What the task asks: Which lines run from the start of the data below to the line containing "UV Nail Gel Market share by key players"? Set them down exactly, with none added.

[[ Dataset open ]]

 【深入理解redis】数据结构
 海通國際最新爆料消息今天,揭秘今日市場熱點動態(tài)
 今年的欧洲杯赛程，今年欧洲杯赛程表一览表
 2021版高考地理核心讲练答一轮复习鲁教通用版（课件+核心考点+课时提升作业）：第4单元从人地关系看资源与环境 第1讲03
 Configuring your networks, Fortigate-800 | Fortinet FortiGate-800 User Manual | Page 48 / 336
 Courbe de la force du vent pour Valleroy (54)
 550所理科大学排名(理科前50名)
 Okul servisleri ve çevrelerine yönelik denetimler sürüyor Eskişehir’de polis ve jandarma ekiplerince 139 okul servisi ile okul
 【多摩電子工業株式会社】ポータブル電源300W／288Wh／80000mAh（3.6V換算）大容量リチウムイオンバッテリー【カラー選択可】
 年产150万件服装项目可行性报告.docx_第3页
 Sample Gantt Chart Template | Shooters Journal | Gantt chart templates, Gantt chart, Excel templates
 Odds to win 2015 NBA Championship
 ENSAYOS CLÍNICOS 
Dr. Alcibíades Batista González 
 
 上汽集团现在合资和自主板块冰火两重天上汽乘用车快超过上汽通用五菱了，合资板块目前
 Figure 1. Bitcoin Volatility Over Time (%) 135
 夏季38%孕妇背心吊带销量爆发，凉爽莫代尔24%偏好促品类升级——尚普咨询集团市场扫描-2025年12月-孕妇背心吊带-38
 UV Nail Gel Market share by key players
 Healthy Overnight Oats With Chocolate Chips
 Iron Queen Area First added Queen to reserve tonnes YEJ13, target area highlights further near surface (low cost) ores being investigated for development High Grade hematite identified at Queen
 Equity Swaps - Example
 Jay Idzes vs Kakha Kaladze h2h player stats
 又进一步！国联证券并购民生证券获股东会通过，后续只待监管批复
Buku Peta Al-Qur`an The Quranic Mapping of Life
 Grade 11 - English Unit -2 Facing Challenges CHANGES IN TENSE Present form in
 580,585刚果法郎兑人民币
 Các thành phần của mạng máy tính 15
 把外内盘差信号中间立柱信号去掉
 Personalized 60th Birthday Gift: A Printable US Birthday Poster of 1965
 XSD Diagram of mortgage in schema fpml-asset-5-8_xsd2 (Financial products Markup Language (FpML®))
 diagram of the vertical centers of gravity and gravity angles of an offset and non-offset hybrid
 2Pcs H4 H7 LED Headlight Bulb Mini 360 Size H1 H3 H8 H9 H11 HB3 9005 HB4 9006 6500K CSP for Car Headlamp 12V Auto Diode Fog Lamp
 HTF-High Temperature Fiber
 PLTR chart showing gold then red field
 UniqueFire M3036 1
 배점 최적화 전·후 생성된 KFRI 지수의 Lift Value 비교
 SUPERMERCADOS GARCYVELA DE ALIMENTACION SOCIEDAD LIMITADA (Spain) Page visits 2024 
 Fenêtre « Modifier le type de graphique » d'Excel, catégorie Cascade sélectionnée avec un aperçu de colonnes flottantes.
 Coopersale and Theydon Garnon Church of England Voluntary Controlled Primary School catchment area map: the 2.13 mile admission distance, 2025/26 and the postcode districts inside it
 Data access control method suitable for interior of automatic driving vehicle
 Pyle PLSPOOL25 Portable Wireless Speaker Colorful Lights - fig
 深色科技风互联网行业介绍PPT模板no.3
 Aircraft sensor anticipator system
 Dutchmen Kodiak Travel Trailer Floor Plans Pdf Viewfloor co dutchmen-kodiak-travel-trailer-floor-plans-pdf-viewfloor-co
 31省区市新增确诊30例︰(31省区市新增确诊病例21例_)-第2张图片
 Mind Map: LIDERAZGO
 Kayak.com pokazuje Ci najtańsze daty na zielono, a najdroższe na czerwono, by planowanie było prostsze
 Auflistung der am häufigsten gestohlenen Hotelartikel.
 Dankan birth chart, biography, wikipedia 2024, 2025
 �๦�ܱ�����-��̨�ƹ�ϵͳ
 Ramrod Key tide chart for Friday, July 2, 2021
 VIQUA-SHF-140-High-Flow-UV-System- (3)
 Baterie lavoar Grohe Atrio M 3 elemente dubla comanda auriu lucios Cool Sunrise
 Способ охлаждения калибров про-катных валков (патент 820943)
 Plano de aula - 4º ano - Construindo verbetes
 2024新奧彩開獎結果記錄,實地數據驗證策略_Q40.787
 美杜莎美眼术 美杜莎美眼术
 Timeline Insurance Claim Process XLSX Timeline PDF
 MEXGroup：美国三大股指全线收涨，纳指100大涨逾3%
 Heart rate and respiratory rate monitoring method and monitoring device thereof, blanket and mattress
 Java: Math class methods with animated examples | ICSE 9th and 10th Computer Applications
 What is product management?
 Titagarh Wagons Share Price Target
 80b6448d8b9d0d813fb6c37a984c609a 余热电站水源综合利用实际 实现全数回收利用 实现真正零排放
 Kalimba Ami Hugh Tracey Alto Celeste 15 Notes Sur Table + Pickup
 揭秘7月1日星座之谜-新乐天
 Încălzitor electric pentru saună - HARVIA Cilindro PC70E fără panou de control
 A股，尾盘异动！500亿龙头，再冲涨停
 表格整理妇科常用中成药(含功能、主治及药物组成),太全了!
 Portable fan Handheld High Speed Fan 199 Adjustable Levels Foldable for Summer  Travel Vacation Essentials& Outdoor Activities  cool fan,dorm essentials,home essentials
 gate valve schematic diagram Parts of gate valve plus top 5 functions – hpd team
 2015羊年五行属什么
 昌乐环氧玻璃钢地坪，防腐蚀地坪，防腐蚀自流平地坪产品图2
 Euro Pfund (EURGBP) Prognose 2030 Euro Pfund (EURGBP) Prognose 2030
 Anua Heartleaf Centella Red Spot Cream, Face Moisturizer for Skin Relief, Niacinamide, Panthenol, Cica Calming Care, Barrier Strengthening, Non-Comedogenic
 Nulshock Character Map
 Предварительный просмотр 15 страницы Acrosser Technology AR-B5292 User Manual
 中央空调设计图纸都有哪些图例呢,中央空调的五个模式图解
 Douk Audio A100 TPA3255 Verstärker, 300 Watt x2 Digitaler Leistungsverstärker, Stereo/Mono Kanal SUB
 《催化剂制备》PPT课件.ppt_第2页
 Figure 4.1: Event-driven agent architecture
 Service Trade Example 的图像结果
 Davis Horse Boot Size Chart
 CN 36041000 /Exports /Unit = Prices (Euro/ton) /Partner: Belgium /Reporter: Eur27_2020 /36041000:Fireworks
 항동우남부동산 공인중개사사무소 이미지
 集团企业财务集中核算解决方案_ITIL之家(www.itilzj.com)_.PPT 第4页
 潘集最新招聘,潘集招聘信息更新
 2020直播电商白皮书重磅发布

[[ Dataset closed ]]

Solved problem:
 【深入理解redis】数据结构
 海通國際最新爆料消息今天,揭秘今日市場熱點動態(tài)
 今年的欧洲杯赛程，今年欧洲杯赛程表一览表
 2021版高考地理核心讲练答一轮复习鲁教通用版（课件+核心考点+课时提升作业）：第4单元从人地关系看资源与环境 第1讲03
 Configuring your networks, Fortigate-800 | Fortinet FortiGate-800 User Manual | Page 48 / 336
 Courbe de la force du vent pour Valleroy (54)
 550所理科大学排名(理科前50名)
 Okul servisleri ve çevrelerine yönelik denetimler sürüyor Eskişehir’de polis ve jandarma ekiplerince 139 okul servisi ile okul
 【多摩電子工業株式会社】ポータブル電源300W／288Wh／80000mAh（3.6V換算）大容量リチウムイオンバッテリー【カラー選択可】
 年产150万件服装项目可行性报告.docx_第3页
 Sample Gantt Chart Template | Shooters Journal | Gantt chart templates, Gantt chart, Excel templates
 Odds to win 2015 NBA Championship
 ENSAYOS CLÍNICOS 
Dr. Alcibíades Batista González 
 
 上汽集团现在合资和自主板块冰火两重天上汽乘用车快超过上汽通用五菱了，合资板块目前
 Figure 1. Bitcoin Volatility Over Time (%) 135
 夏季38%孕妇背心吊带销量爆发，凉爽莫代尔24%偏好促品类升级——尚普咨询集团市场扫描-2025年12月-孕妇背心吊带-38
 UV Nail Gel Market share by key players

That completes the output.